Dataset content:

━━━━━━━━━━

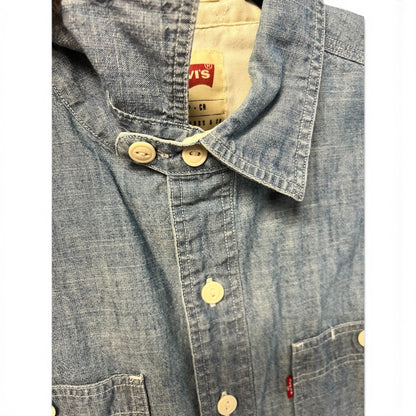Levi’s Denim Button Down Shirt, size s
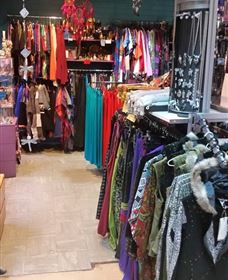 Earth Spirit Natures Clothing And Giftware - Hotel Accommodation 1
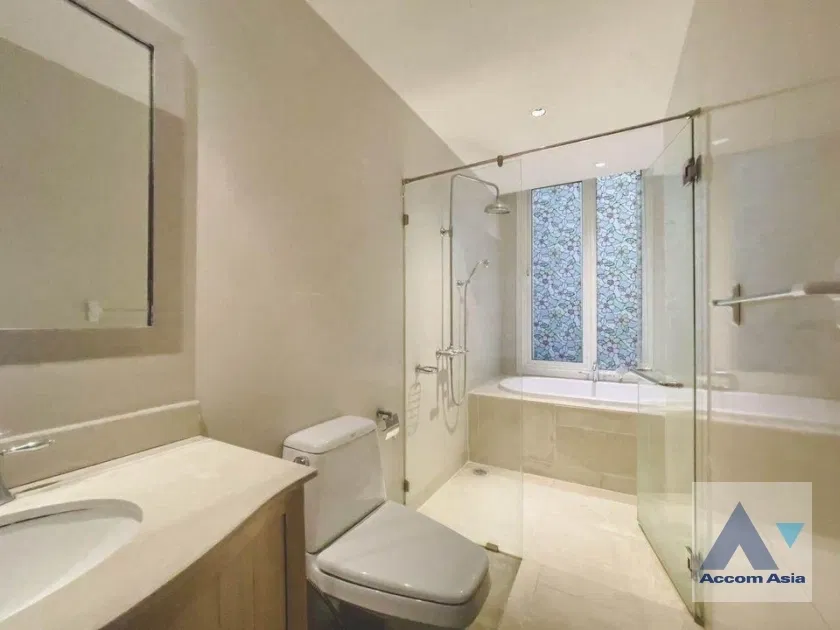 picture 🔼🔽 AccomA 📩 Fully Furnished 2 BR Condominium @The Empire Place (AA31896) - 6/6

━━━━━━━━━━

What the exercise asks: Omit every picture, then reproduce the rest of the listing exactly.

Task response:
Levi’s Denim Button Down Shirt, size s
 Earth Spirit Natures Clothing And Giftware - Hotel Accommodation 1
 picture 🔼🔽 AccomA 📩 Fully Furnished 2 BR Condominium @The Empire Place (AA31896) - 6/6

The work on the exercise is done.